Atlassian, Jira yazılımında, kimliği doğrulanmamış bir saldırgan tarafından kimlik doğrulama korumalarını atlatmak için kötüye kullanılabilecek kritik bir güvenlik açığına ilişkin bir güvenlik uyarısı uyarısı yayınladı.
olarak izlendi CVE-2022-0540, kusur CVSS puanlama sisteminde 10 üzerinden 9,9 olarak derecelendirilmiştir ve Jira’nın kimlik doğrulama çerçevesi Jira Seraph’ta bulunur. Viettel Cyber Security’den Khoadha, güvenlik zayıflığını keşfetme ve bildirme konusunda itibar kazanmıştır.
Atlassian, “Uzak, kimliği doğrulanmamış bir saldırgan, etkilenen bir yapılandırmayı kullanarak WebWork eylemlerinde kimlik doğrulama ve yetkilendirme gereksinimlerini atlamak için özel olarak hazırlanmış bir HTTP isteği göndererek bundan yararlanabilir.” not alınmış.
Kusur aşağıdaki Jira ürünlerini etkiler –
- Jira Core Server, Jira Software Server ve Jira Software Data Center: 8.13.18, 8.14.x, 8.15.x, 8.16.x, 8.17.x, 8.18.x, 8.19.x, 8.20.x’ten önceki tüm sürümler 8.20’den önce. 6 ve 8.21.x
- Jira Service Management Server ve Jira Service Management Data Center: 4.13.18, 4.14.x, 4.15.x, 4.16.x, 4.17.x, 4.18.x, 4.19.x, 4.20.x 4.20.6’dan önceki tüm sürümler, ve 4.21.x
Sabit Jira ve Jira Hizmet Yönetimi sürümleri 8.13.18, 8.20.6 ve 8.22.0 ve 4.13.18, 4.20.6 ve 4.22.0’dır.

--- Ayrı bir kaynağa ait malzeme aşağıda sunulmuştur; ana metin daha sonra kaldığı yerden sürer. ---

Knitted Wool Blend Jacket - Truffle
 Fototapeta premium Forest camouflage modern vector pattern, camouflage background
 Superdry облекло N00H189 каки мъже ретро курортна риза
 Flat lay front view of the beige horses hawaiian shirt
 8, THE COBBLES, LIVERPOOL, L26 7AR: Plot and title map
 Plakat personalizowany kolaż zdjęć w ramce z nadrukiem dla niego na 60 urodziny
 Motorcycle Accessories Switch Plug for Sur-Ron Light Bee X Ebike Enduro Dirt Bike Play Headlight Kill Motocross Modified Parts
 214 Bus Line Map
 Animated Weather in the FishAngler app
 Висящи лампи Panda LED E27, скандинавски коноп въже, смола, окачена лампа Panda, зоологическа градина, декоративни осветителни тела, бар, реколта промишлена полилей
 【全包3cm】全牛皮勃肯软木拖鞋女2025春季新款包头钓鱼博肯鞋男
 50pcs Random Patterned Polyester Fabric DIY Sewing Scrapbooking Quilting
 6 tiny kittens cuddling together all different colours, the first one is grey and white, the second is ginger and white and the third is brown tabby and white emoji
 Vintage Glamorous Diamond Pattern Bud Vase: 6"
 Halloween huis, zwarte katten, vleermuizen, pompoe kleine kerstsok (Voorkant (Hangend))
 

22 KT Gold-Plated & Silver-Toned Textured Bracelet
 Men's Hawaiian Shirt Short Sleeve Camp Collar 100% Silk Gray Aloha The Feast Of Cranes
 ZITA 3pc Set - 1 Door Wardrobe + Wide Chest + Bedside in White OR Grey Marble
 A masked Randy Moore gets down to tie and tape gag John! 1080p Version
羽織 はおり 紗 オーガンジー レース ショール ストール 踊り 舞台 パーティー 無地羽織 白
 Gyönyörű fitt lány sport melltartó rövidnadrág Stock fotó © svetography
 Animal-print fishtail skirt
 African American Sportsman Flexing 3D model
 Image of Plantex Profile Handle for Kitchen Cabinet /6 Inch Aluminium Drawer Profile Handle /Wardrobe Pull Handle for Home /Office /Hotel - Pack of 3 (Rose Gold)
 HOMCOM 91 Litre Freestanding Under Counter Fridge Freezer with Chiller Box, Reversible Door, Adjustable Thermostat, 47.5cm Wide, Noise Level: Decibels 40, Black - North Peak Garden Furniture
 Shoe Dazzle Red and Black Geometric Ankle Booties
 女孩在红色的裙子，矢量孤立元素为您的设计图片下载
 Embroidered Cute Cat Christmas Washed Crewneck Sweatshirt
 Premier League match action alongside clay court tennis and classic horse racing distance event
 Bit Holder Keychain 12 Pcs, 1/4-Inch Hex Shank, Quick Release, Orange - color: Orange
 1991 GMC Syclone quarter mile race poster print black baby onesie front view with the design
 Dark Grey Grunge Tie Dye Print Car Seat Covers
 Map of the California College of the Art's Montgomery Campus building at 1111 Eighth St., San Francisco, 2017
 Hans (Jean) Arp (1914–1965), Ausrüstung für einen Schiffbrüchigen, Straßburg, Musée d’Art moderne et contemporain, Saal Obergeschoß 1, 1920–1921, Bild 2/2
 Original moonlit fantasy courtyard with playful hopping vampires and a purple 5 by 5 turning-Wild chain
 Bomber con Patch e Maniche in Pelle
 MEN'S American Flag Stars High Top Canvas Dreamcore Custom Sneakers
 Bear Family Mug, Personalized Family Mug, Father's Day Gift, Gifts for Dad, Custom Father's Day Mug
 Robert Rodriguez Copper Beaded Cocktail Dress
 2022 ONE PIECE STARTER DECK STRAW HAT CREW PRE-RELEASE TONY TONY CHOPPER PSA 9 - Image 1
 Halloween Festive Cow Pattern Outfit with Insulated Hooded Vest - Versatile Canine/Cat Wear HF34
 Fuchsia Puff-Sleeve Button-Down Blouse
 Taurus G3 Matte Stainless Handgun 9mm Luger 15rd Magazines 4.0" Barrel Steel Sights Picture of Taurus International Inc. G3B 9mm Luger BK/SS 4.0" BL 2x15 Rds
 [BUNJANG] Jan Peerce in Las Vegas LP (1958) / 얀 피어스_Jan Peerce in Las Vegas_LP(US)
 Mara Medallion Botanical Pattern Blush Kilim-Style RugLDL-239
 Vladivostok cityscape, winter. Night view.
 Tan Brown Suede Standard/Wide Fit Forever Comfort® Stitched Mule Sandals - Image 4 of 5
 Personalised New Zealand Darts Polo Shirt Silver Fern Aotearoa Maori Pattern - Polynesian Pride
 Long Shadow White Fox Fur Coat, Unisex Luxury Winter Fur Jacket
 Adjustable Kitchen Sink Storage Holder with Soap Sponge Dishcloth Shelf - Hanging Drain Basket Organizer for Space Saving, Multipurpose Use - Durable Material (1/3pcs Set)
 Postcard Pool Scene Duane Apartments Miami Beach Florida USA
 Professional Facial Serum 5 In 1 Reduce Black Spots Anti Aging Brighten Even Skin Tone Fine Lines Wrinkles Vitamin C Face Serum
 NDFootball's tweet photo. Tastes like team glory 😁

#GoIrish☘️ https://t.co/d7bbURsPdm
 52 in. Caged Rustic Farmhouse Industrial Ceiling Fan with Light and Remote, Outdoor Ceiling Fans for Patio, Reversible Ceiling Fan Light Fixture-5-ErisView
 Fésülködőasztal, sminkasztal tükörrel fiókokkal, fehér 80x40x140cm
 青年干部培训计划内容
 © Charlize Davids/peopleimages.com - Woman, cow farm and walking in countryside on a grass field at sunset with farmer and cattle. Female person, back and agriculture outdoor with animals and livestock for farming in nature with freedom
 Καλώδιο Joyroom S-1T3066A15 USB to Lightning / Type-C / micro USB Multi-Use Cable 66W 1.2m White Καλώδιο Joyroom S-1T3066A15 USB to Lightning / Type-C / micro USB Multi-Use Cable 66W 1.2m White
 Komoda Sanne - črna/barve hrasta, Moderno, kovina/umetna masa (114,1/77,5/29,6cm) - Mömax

Atlassian ayrıca, kusurun birinci ve üçüncü taraf uygulamalarını yalnızca yukarıda belirtilen Jira veya Jira Hizmet Yönetimi sürümlerinden birine kurulu olmaları ve güvenlik açığı bulunan bir yapılandırma kullanmaları durumunda etkilediğini belirtti.
Potansiyel istismar girişimlerini azaltmak için kullanıcıların yamalı sürümlerden birine güncelleme yapmaları şiddetle tavsiye edilir. Anında yama bir seçenek değilse, şirket etkilenen uygulamaları sabit bir sürüme güncellemeyi veya tamamen devre dışı bırakmayı öneriyor.
Atlassian Confluence’daki (CVE-2021-26084, CVSS puanı: 9.8) kritik bir uzaktan kod yürütme kusurunun, güvenliği ihlal edilmiş sunuculara kripto para birimi madencileri yüklemek için geçen yıl vahşi bir şekilde aktif olarak silahlandırıldığını belirtmekte fayda var.